Aim of the task>
Beneath this line are entries. Copy the range from the line with "Toque de campana" to the line with "Rooms For Rent", ends included, exactly; leave pictures out.

(Saved data entries)
----

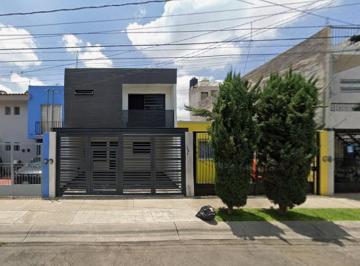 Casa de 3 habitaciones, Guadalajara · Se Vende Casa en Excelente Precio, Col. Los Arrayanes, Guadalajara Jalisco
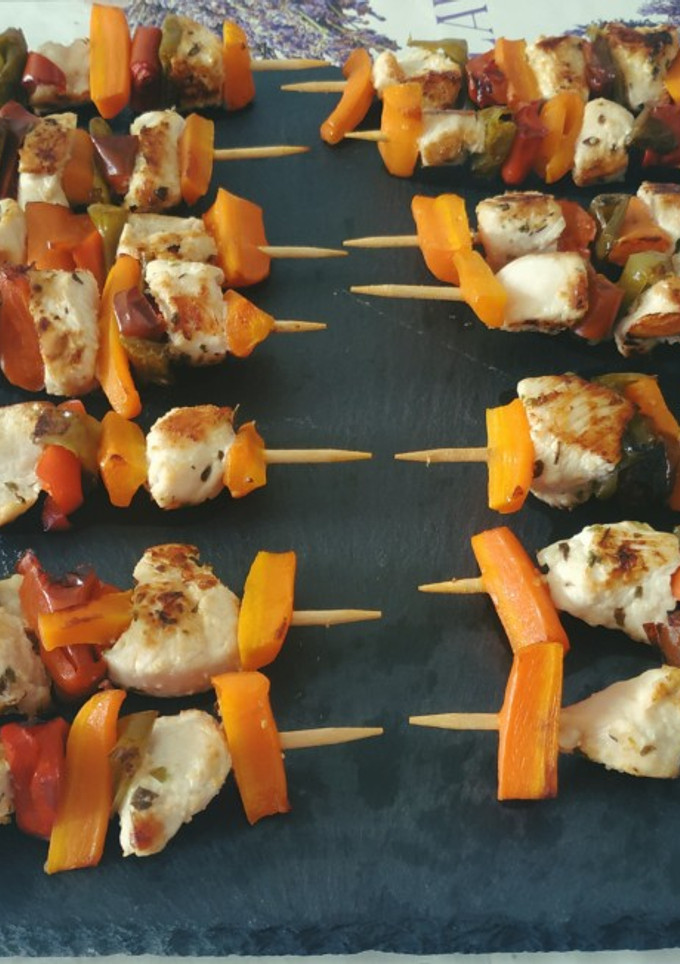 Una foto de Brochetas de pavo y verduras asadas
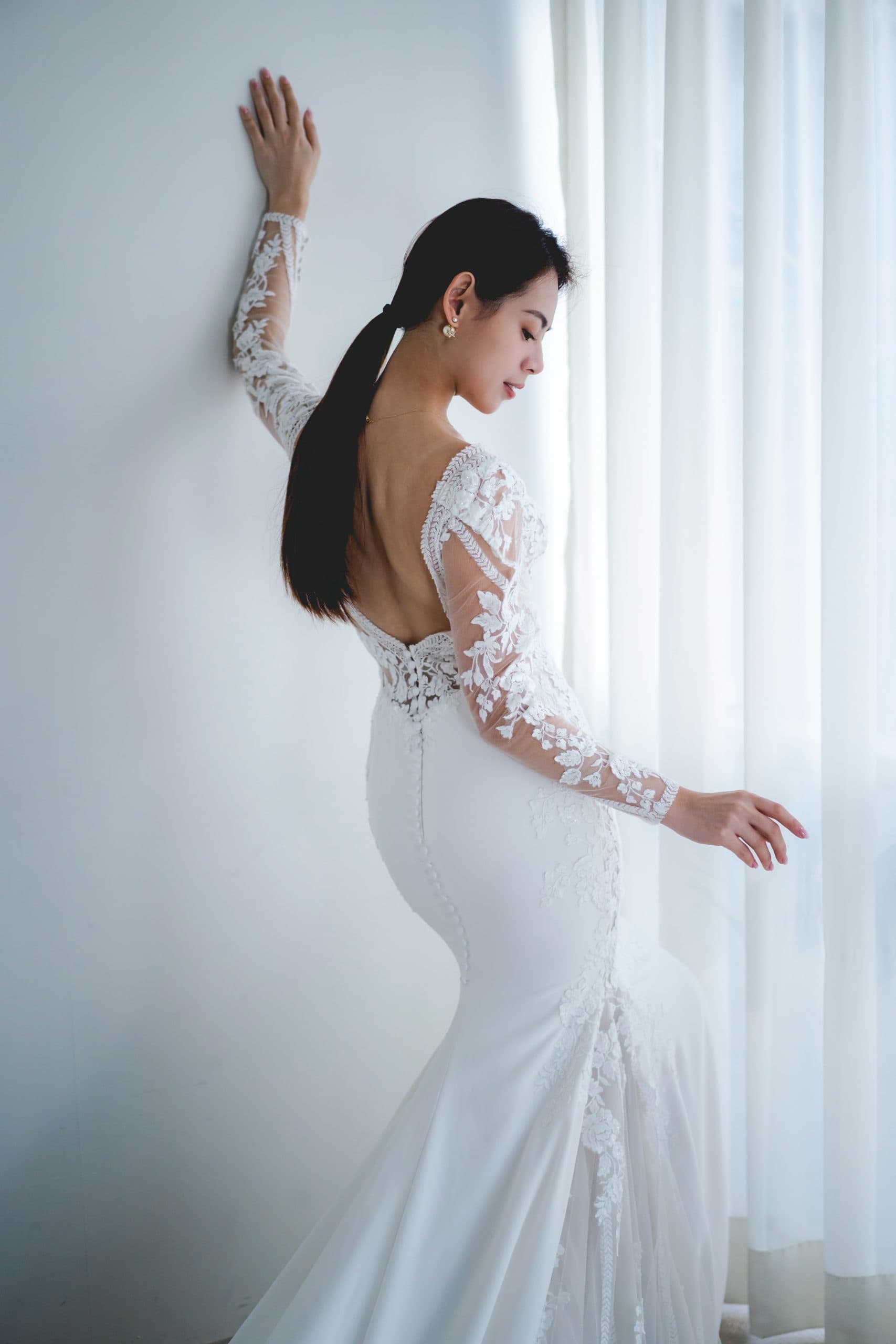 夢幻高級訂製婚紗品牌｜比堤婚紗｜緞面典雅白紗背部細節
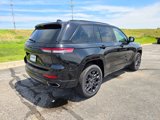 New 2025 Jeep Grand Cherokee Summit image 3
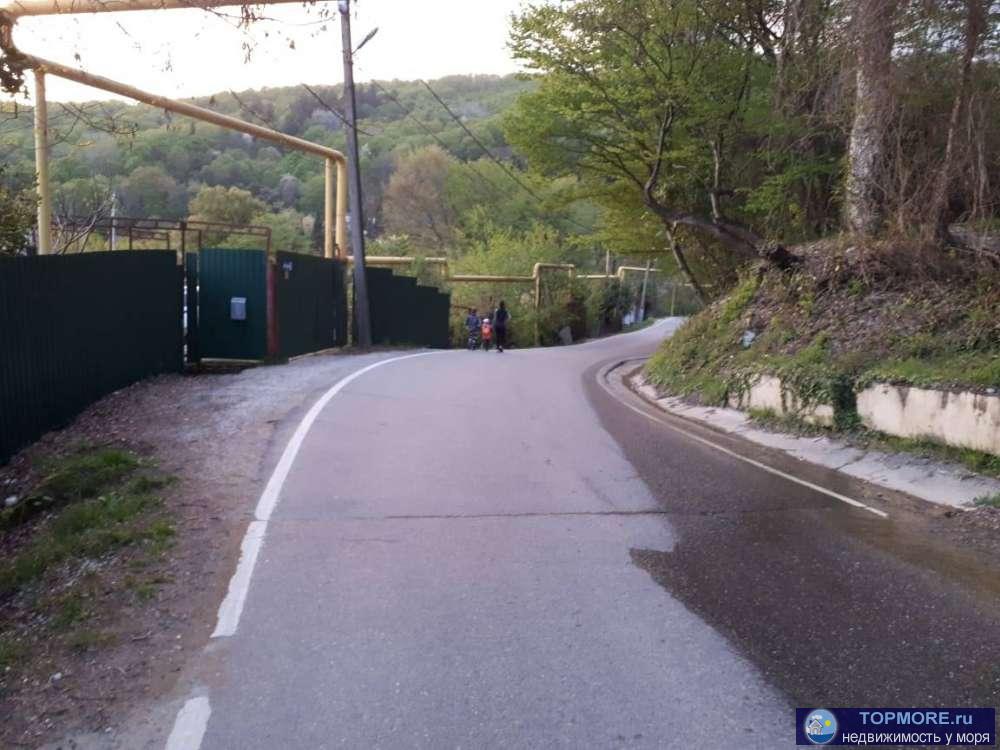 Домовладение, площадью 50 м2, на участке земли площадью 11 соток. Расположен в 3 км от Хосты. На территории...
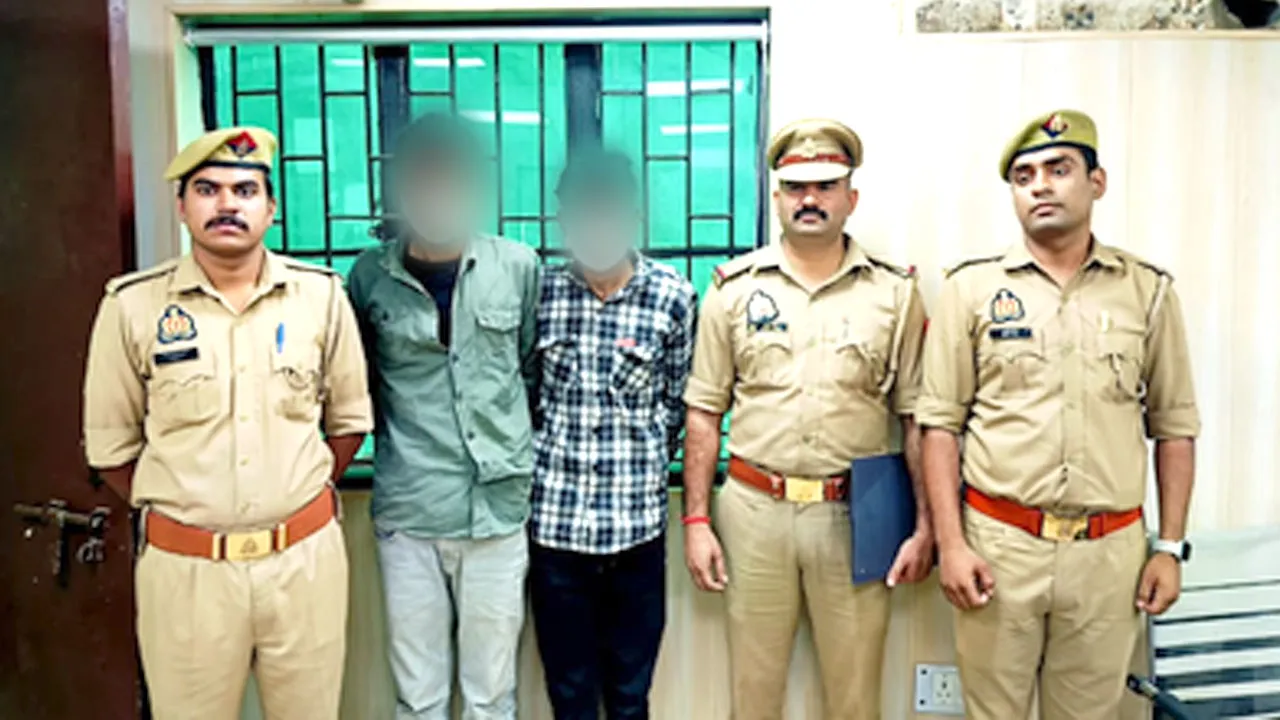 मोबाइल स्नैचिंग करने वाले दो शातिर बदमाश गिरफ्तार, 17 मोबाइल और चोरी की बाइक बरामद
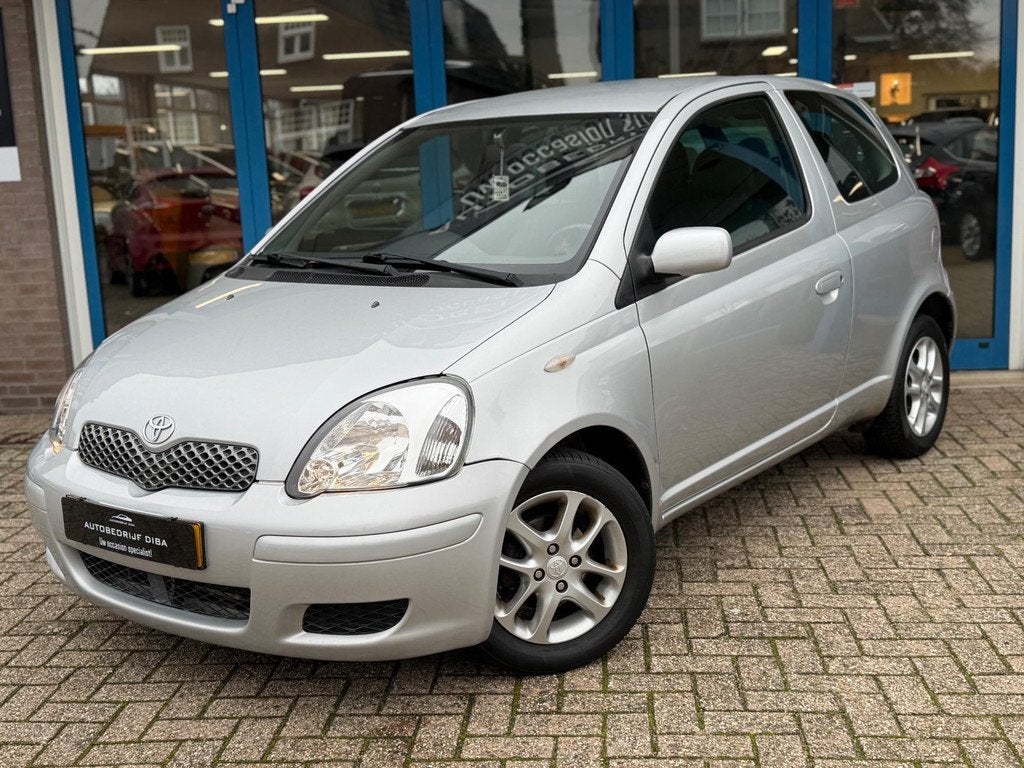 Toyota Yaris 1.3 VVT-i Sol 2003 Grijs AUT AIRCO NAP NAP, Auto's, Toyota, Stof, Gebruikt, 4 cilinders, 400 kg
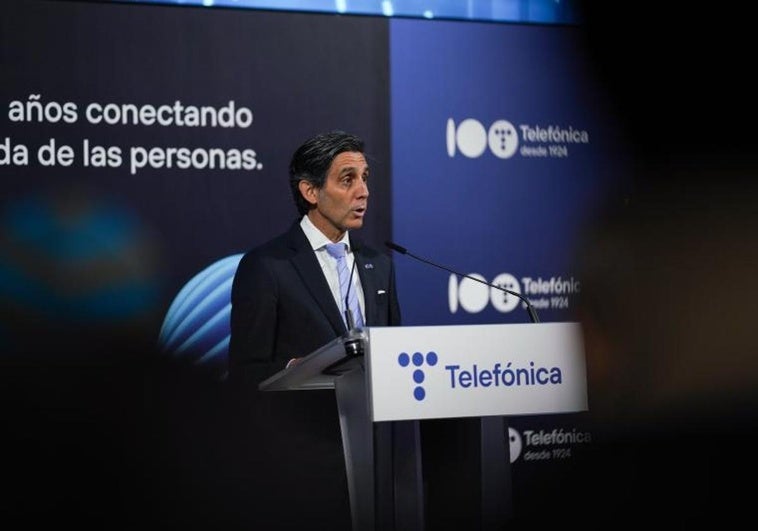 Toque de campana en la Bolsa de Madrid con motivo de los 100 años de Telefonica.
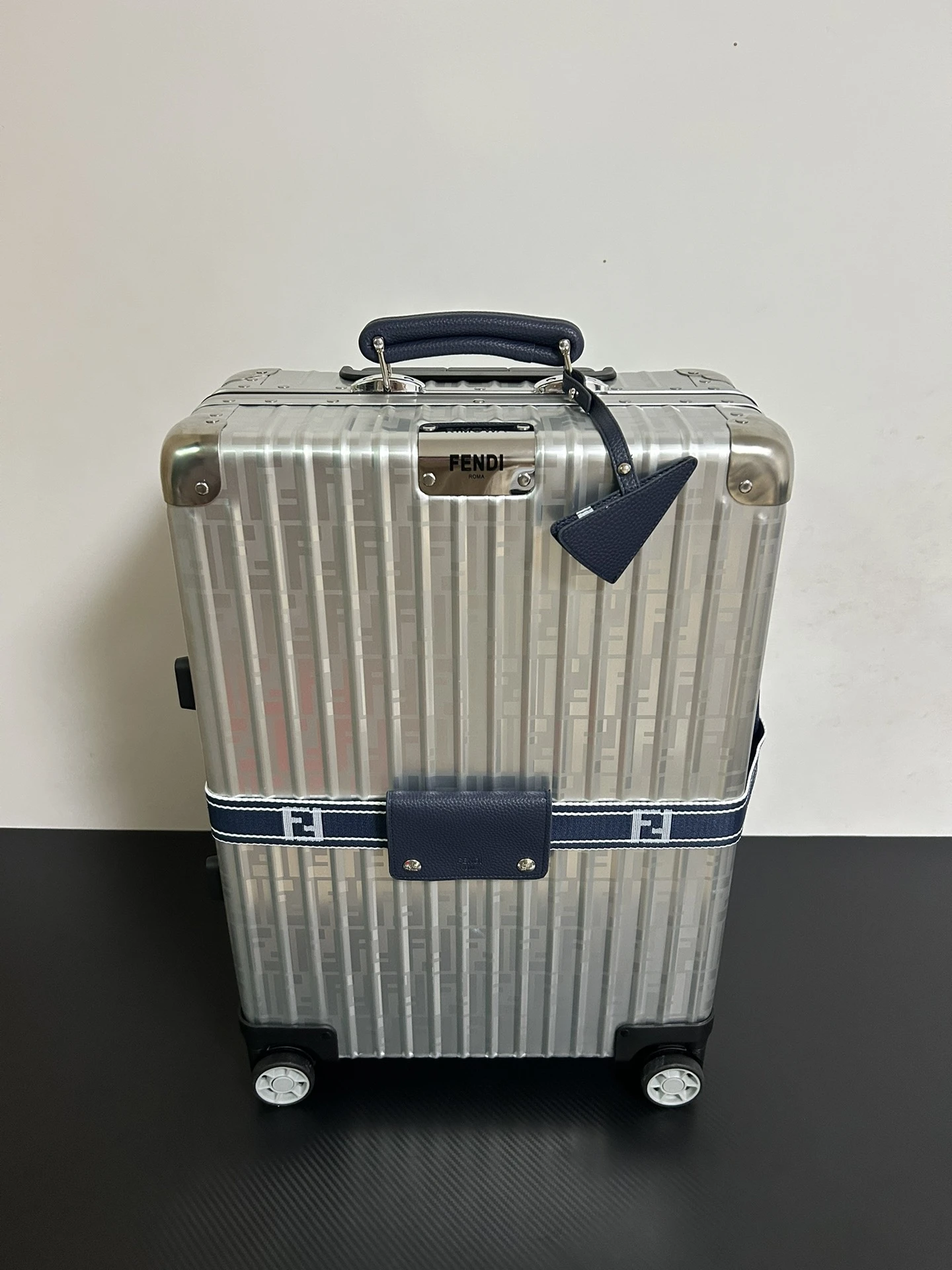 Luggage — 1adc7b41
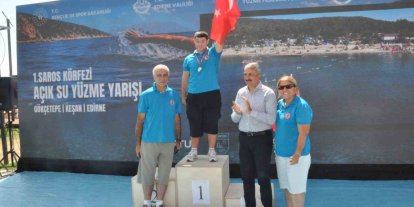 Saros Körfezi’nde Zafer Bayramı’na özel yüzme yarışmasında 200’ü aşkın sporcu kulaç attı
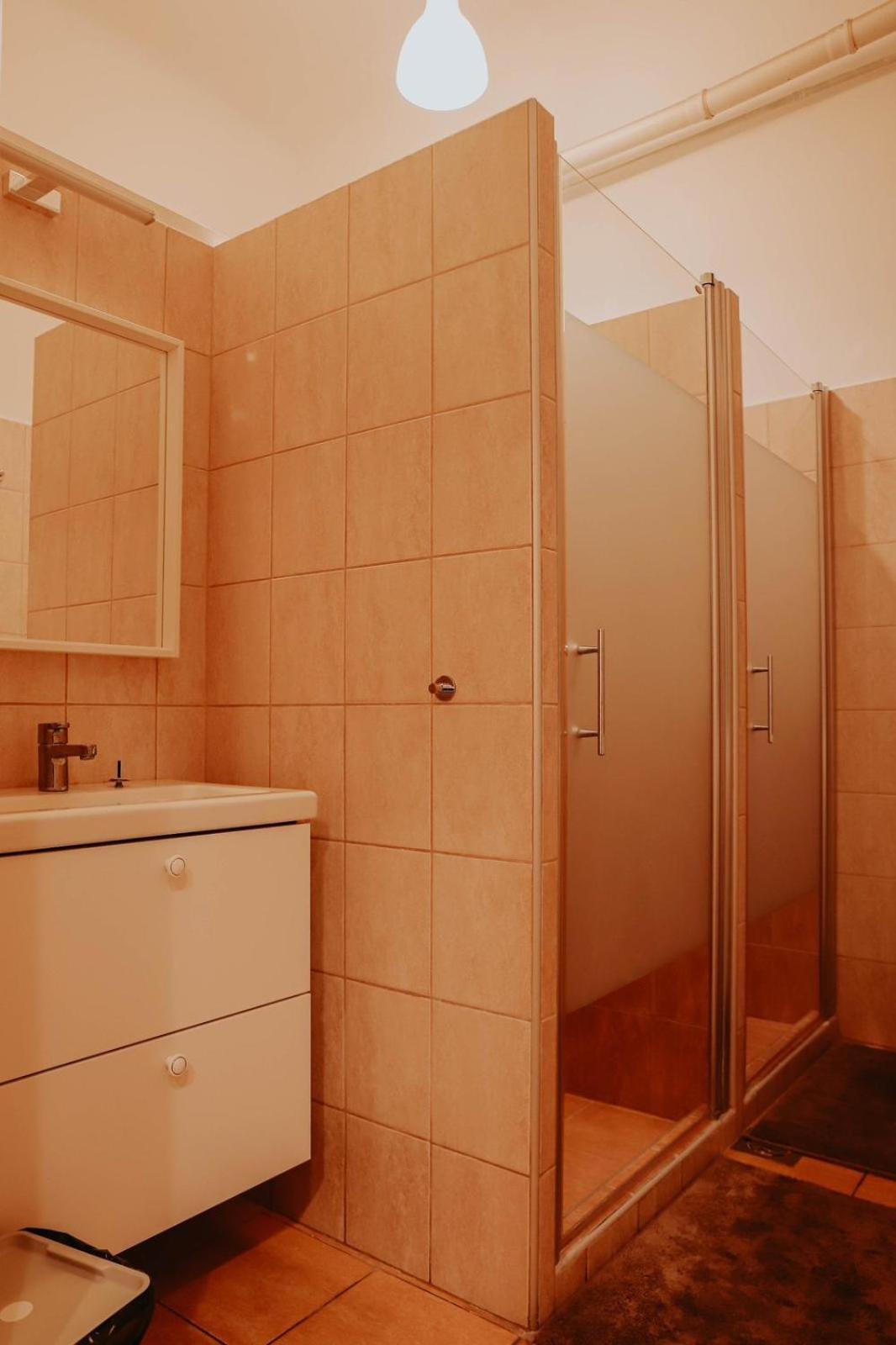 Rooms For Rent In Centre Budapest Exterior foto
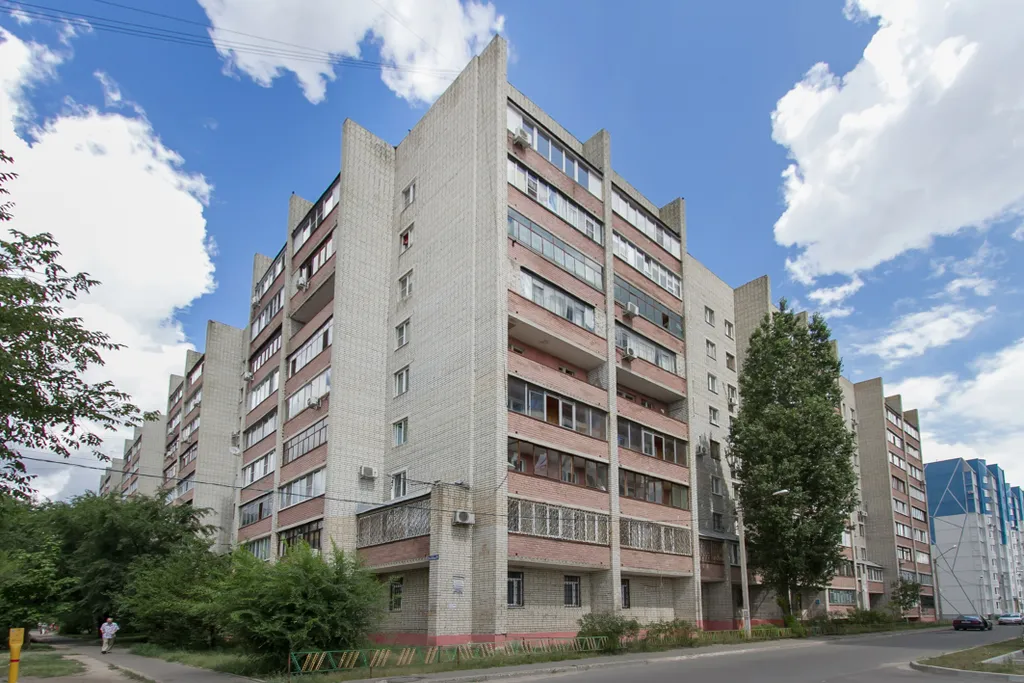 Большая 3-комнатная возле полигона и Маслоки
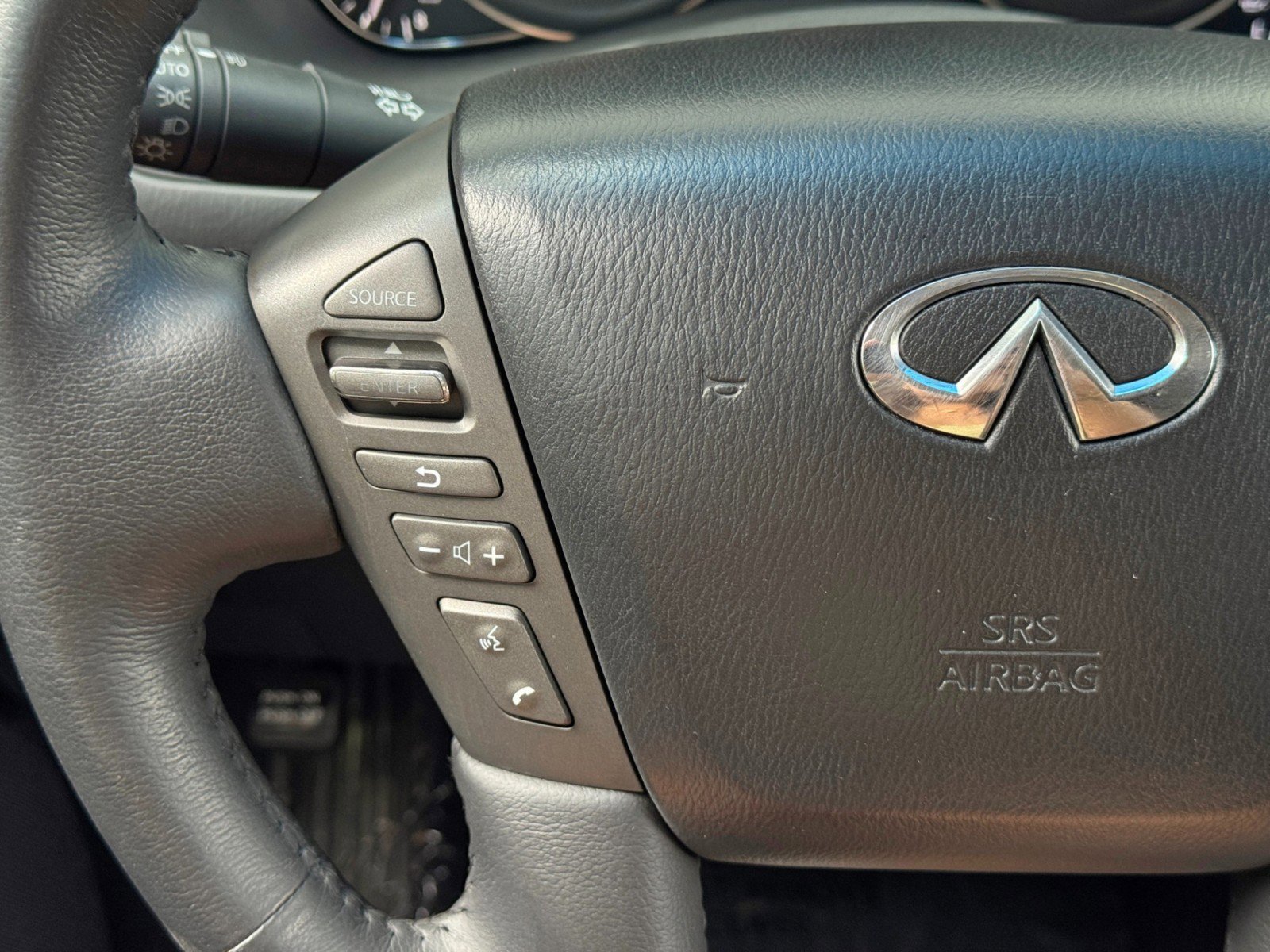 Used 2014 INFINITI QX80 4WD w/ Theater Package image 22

----

Solution for this exercise>
 Toque de campana en la Bolsa de Madrid con motivo de los 100 años de Telefonica.
 Luggage — 1adc7b41
 Saros Körfezi’nde Zafer Bayramı’na özel yüzme yarışmasında 200’ü aşkın sporcu kulaç attı
 Rooms For Rent In Centre Budapest Exterior foto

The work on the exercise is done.